Another Forever is a 2016 Brazilian drama film directed by Juan Zapata, co–written by Juan Zapata and Daniela Escobar, and starring Daniela Escobar, Marlon Moreno, Peter Ketnath and Barbara Scolaro, in lead roles. Originally titled Butterflies, the name was changed to Another Forever in May, 2016. The film is about a grieving woman who makes a spontaneous trip abroad to visit a friend and get her life back on track. It was filmed in Austria, Germany, the Netherlands, Brazil and the United States and was a co-production between Zapata Filmes (Brazil) and Ley em Movimiento (Colombia).

== Plot ==
Alice's life had been filled with great joy and bitter disappointment. She persevered because of the love she shared with one man, a man that made it all worthwhile, until the unthinkable happens. Completely shattered, Alice embarks on a journey to find herself in which she experiences the depths of despair and the wonders of the world. In the process, Alice reclaims her life and rediscovers her soul.

== Production ==
This project came to life after an exchange of ideas between the protagonist Daniela Escobar and director Juan Zapata at the Gramado Film Festival. Both felt it was important to portray a woman's point of view when dealing with the challenge of moving on after a devastating loss. They teamed up with Colombian actor Marlon Moreno.

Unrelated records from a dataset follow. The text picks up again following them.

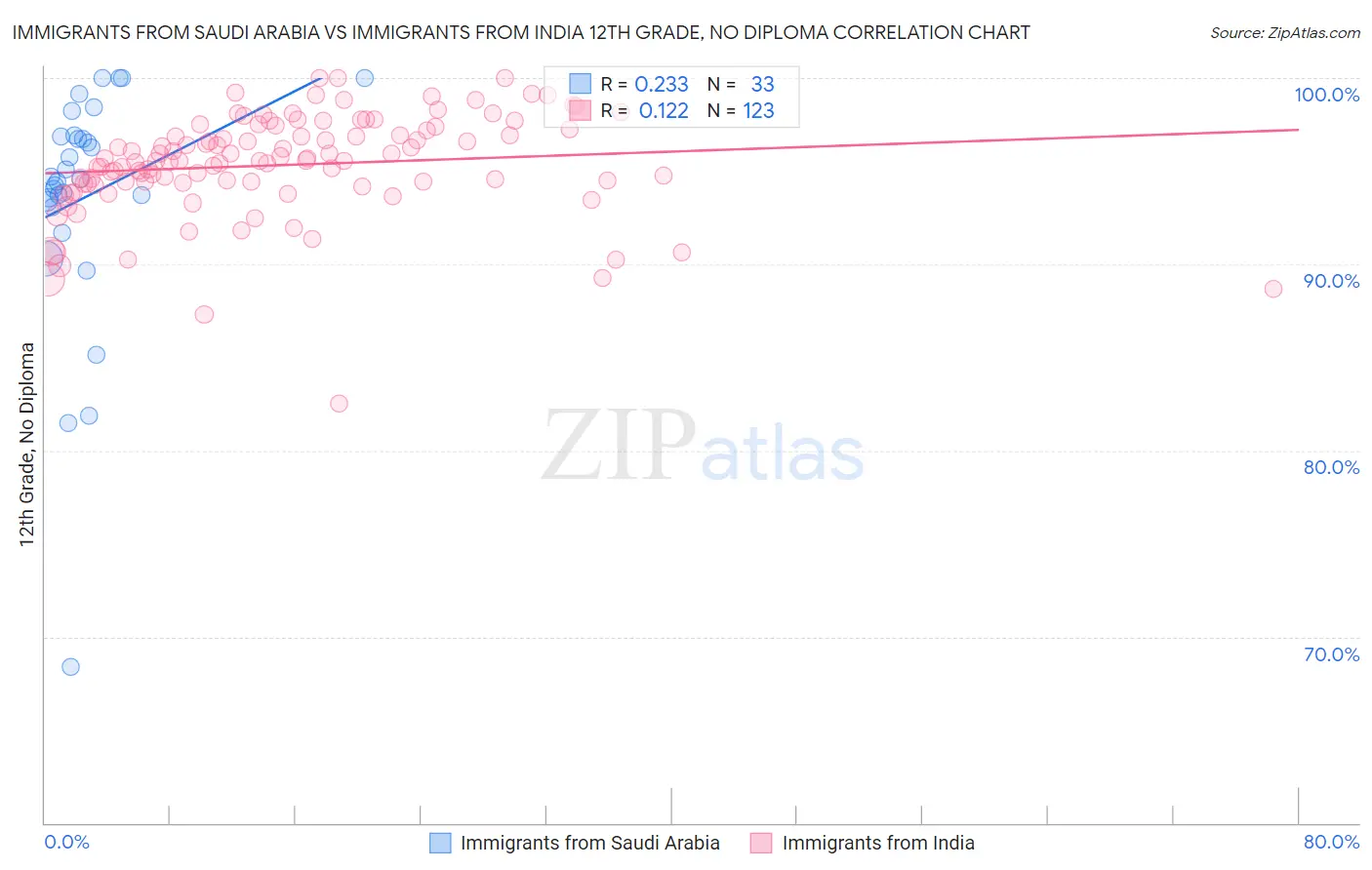 Immigrants from Saudi Arabia vs Immigrants from India 12th Grade, No Diploma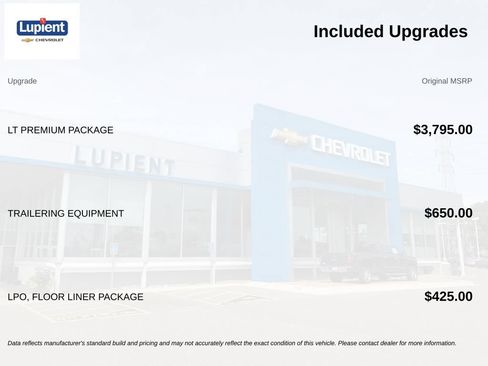 Used 2023 Chevrolet Traverse LT w/ LT Premium Package AWD/4WD image 4
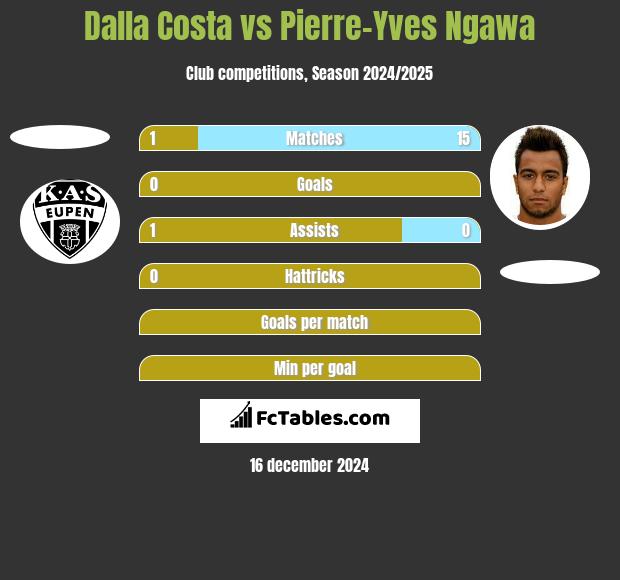 Dalla Costa vs Pierre-Yves Ngawa h2h player stats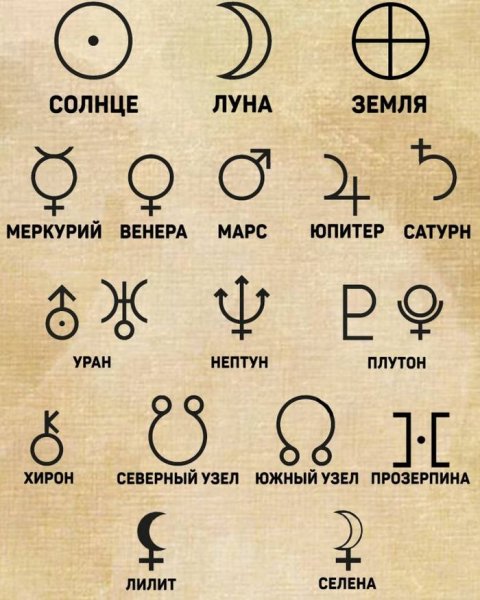 Значки обозначения планет в астрологии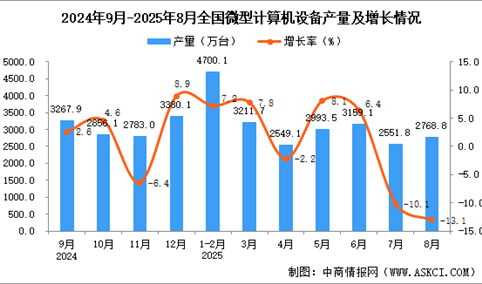2025年8月全国微型计算机设备产量数据统计分析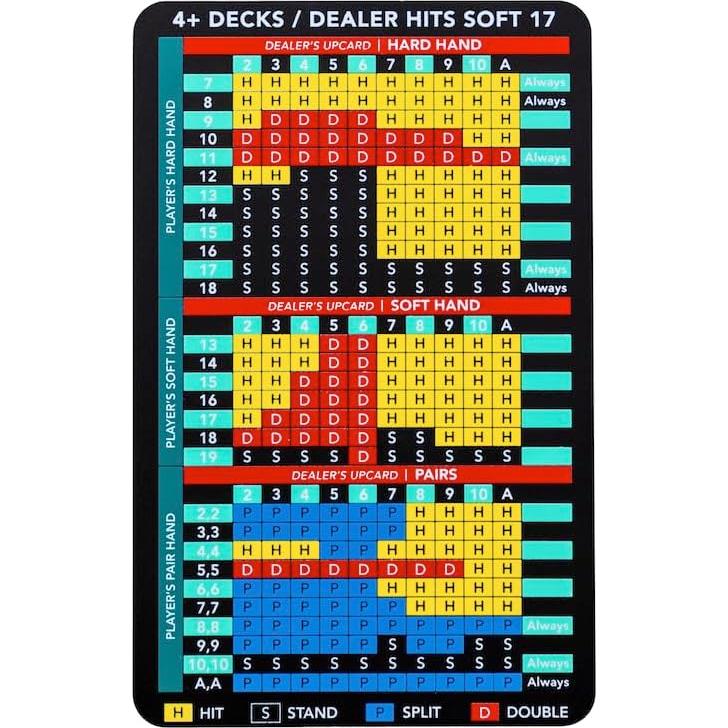 Tarjeta de Estrategia Básica de Blackjack Acero Inoxidable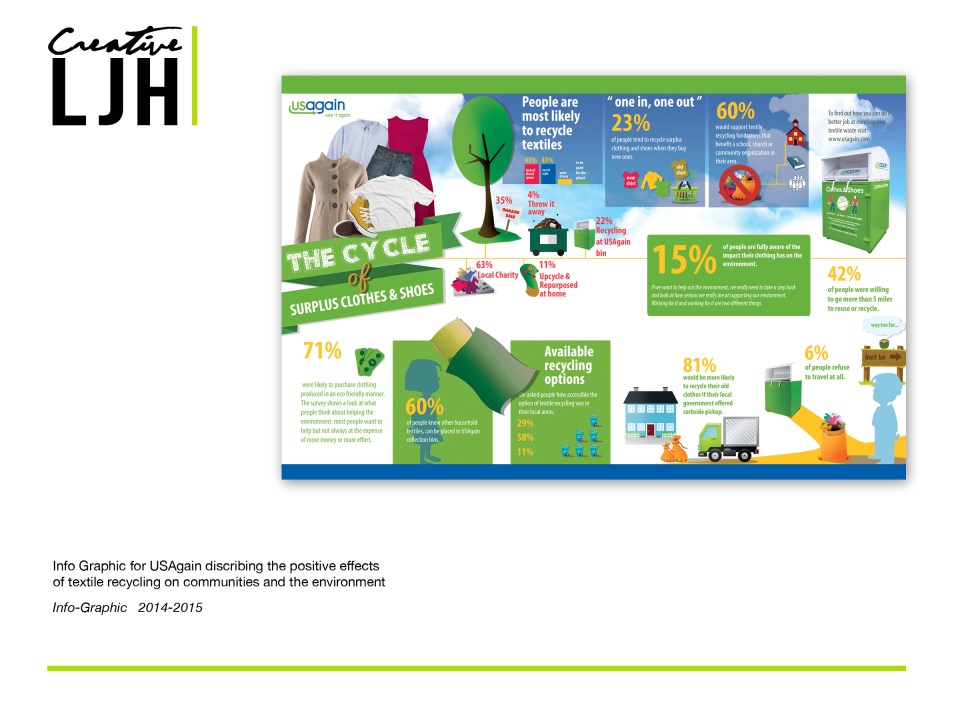 USAgain Info-Graphic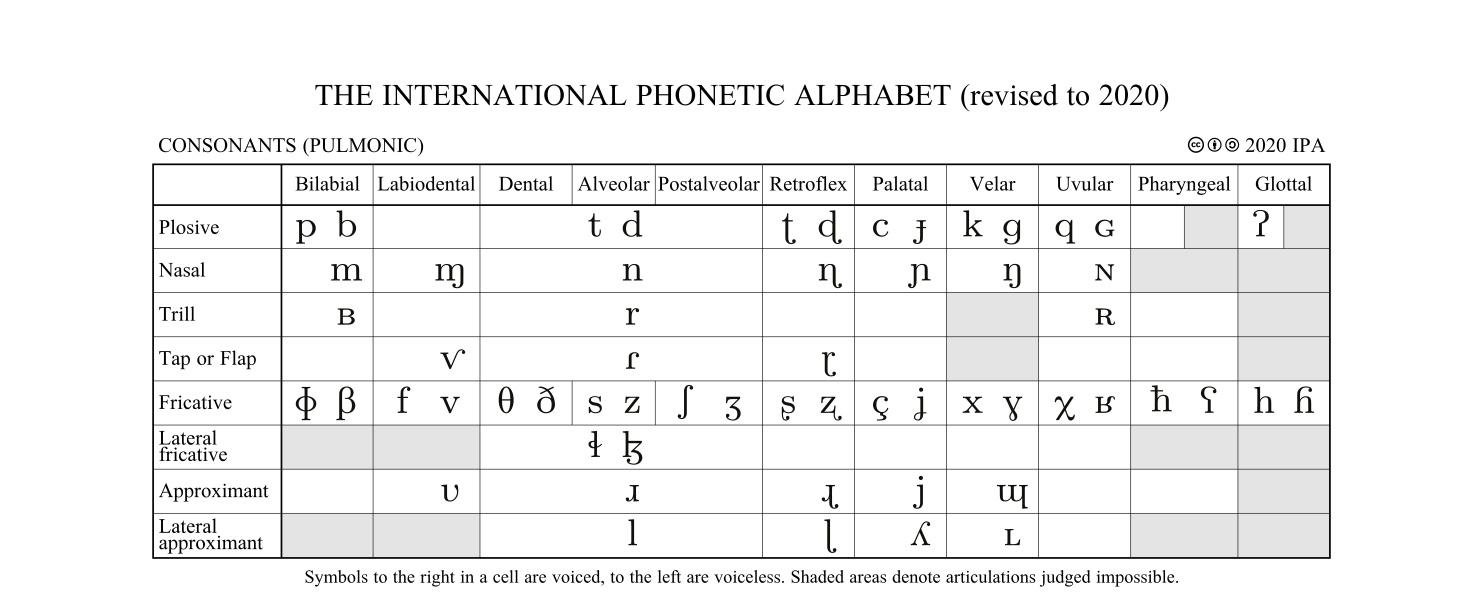 IPA Note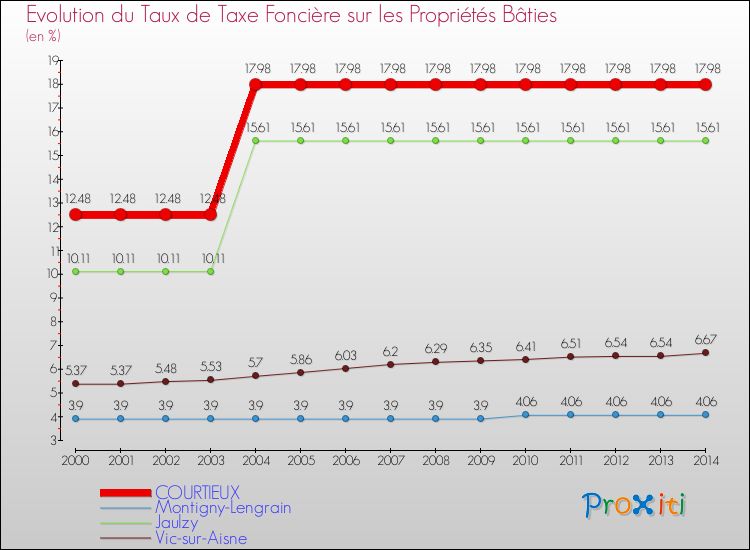 Evolution du taux de la taxe foncière sur le bati pour COURTIEUX et les communes proches de 2000 à 2014 Comparaison des taux de taxe foncière sur le bati pour COURTIEUX et les communes voisines de 2000 à 2014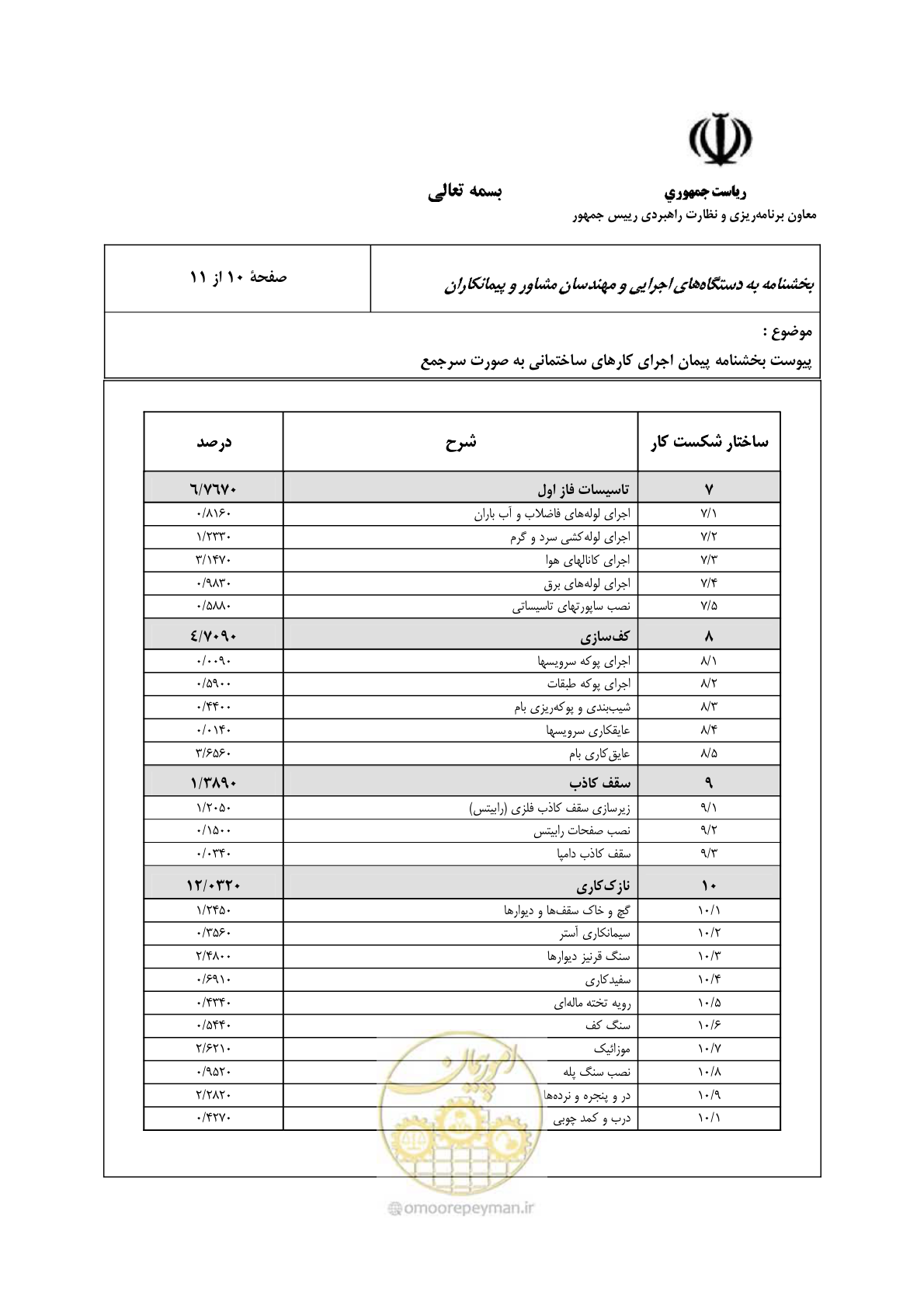 صفحه 11 از 28
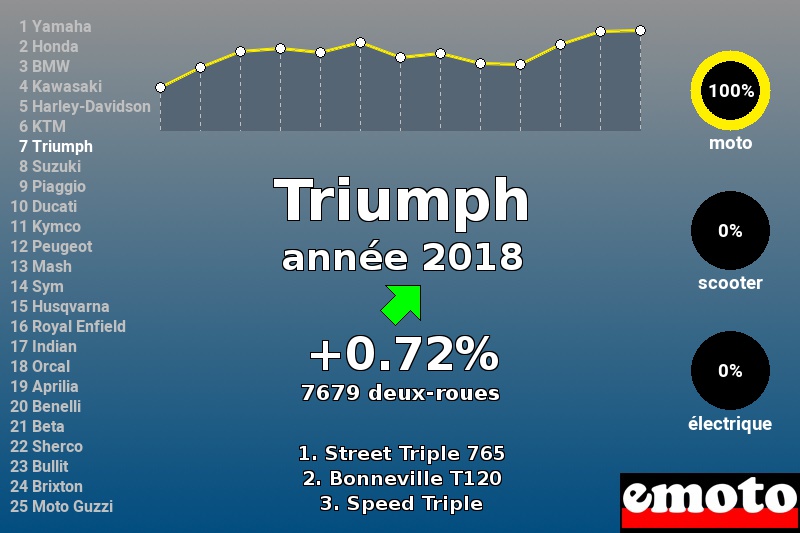 Immatriculations Triumph en France en 2018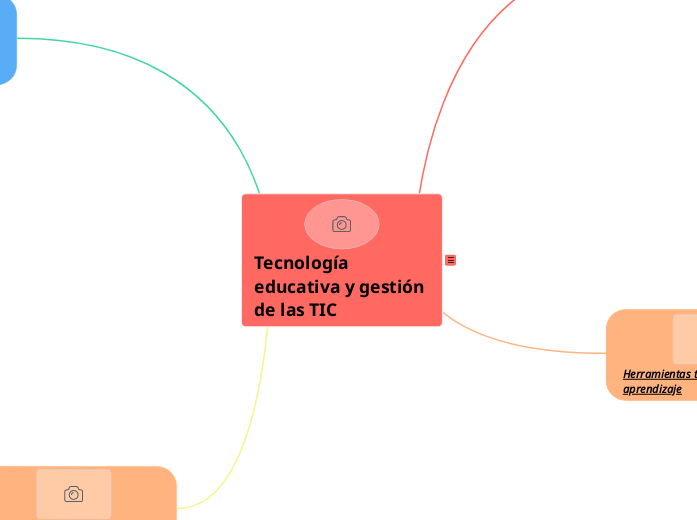 Tecnología educativa y gestión de las TIC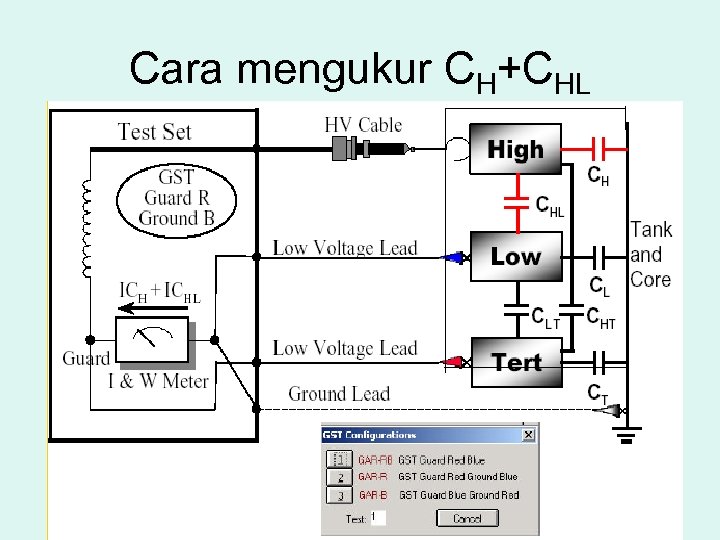 Cara mengukur CH+CHL 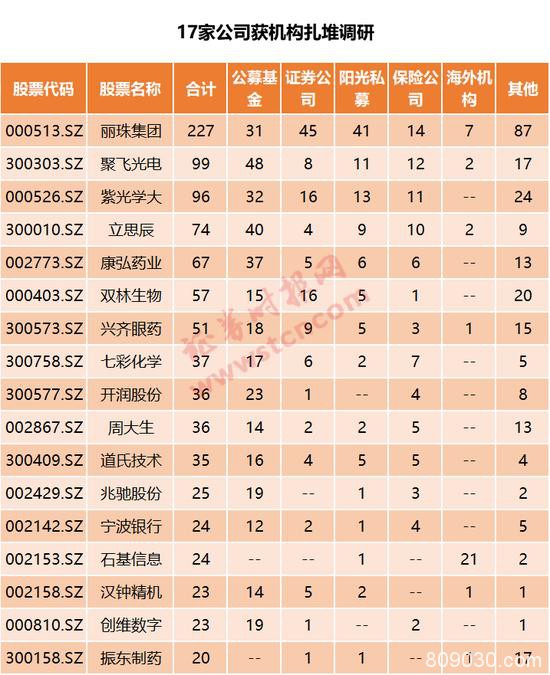 一周机构去哪儿？嘉实基金、淡水泉等调研了这些股（名单）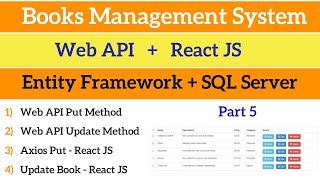 Web API Tutorial with React JS - Update Method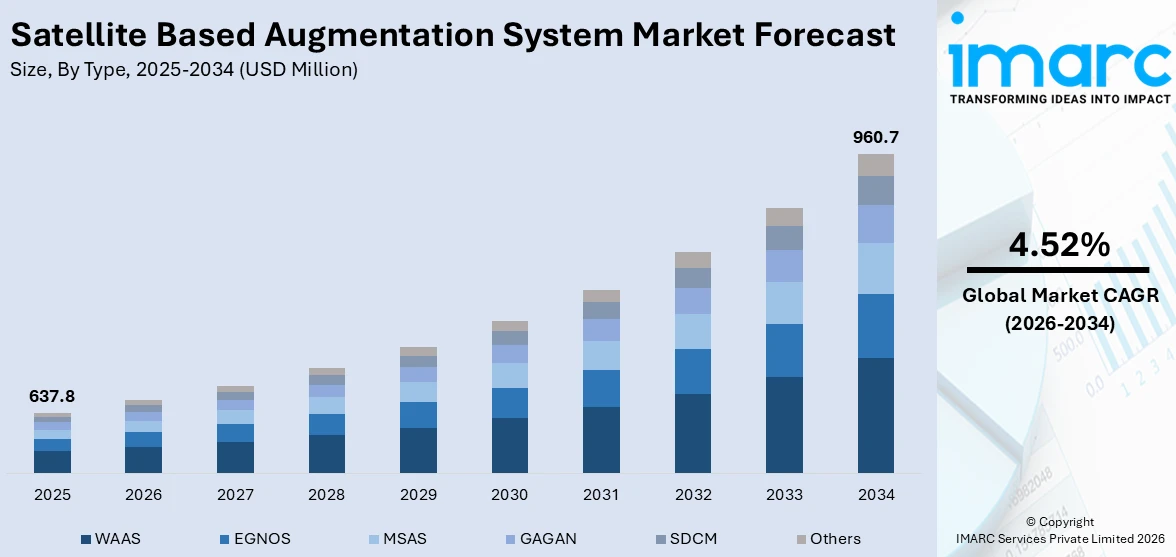 Satellite Based Augmentation System Market Size
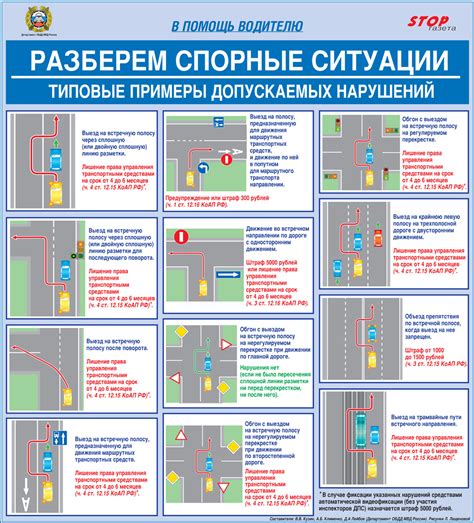Спорные ситуации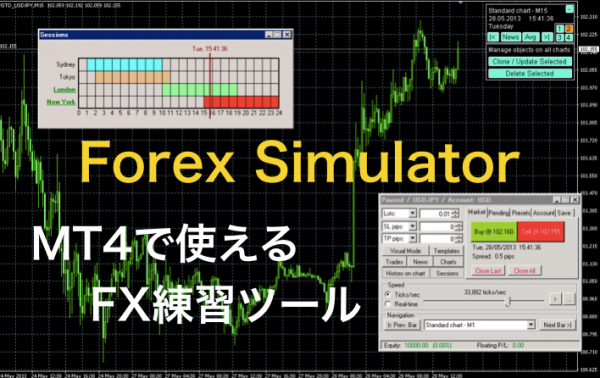 FXの練習に便利なツール　Forex Simulator　【検証ツール】
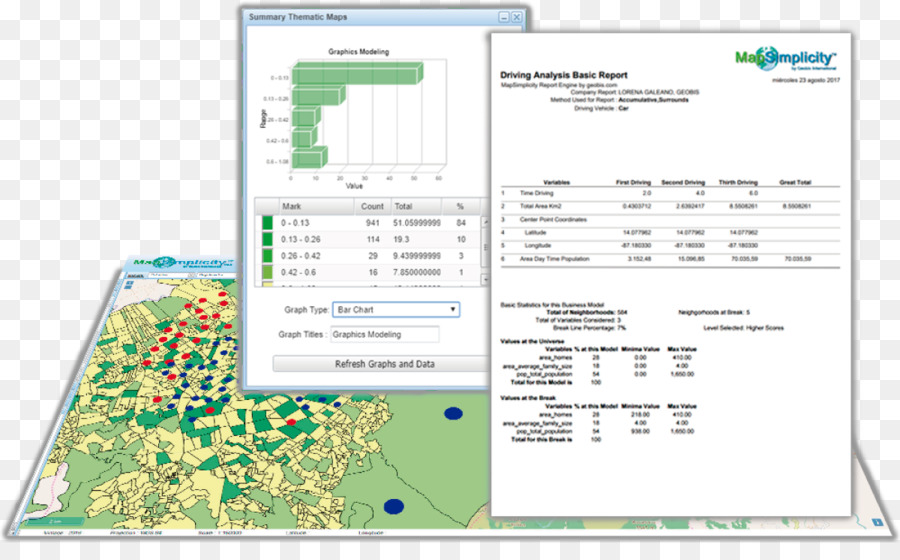 MapInfo Professional Sistema Di Informazione Geografica Computer Software Di Pianificazione - Analisi di mercato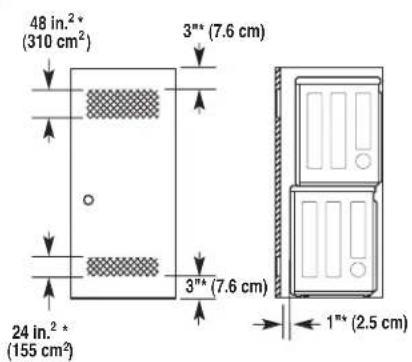 LG Studio LSDE388VS - Espacement recommandé pour l'installation dans un placard ou un renfoncement, avec le sèche-linge placé au-dessus du lave-linge. - 1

Another Forever is a fictional Drama with a Documentary-esque feel. The director used this hybrid style of shooting in his last feature film Simone. Cinematographer Pablo Chasseraux, who also worked on Simone, joined the team as well.

Another Forever is a co-production between Zapata Films Ltda. (Brazil) and Ley en Movimiento (Colombia). It was filmed in Los Angeles, Amsterdam, Rio de Janeiro, Salzburg and Munich.

== Distribution ==
Another Forever was first Distributed in Ecuador in December 2016, followed by Brazil in March 2017 in the City of Porto Alegre at Cinemateca Paulo Amorim in Casa de Cultura Mario Quintana.

Another Forever has been available on NETFLIX Worldwide since March 21 and is now available in over 227 Countries.

== Awards ==
- Los Angeles Independent Film Festival - August 2016
- Won: Best Foreign Feature - August 2016
- 69th Cannes Film Festival - Marché du Film
- Selection: Guadalajara Goes to Cannes(Work in Progress Screening) at K on Tuesday May 17, 2016.